Another concern is air pollution. Fracking operations can release volatile organic compounds (VOCs) into the air, vaporous chemicals that can cause an array of health effects if inhaled, including respiratory distress; ear, nose and throat irritation; memory, hearing and vision loss; and other effects that vary widely and depend on both concentration and time of exposure.
Although fracking has been a fact of life in Erie for decades, it wasn’t until Encana prepared to open an eight-well drilling pad within a few hundred yards of both the community’s elementary schools that parents became concerned enough to research the practice. When Angie Nordstrom, a parent with elementary school children in Erie, found a website with the locations of oil and gas wells in Erie, she was stunned by how many there were.

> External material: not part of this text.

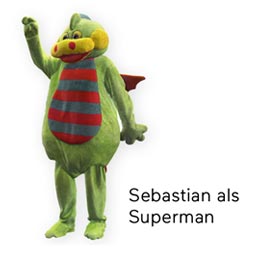 Sebastian als Superman AR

“That was absolutely shocking when you look at those aerial maps and see all those wells,” she said. “It’s alarming.”
In fact, there are 58 well pads within two miles of Encana’s proposed drilling site and each pad can contain as many as eight wells. Wiedenbeck, the Encana spokeswoman, says the community needn’t be concerned.
“We are very heavily regulated,” she said, noting that the Colorado Department of Public Health and Environment requires well operators to capture at least 95 percent of a well’s VOCs and maintain a 90 percent compliance across the gas field as a whole.
“We work diligently to control and manage air emissions,” said Cindy Allen, Encana’s air quality expert for the D-J Basin.
Those assurances aren’t enough for concerned residents, in Erie and elsewhere. The Longmont City Council imposed a moratorium on fracking in December, and in early February Boulder County followed suit. Both said they were examining their land use regulations to be sure they provided the maximum protection to human health and the environment as possible. In Erie, Mayor Joe Wilson said he would approach the CDPHE to help design and implement an air monitoring program and take steps to begin monitoring inflows at the water treatment plant for fracking chemicals.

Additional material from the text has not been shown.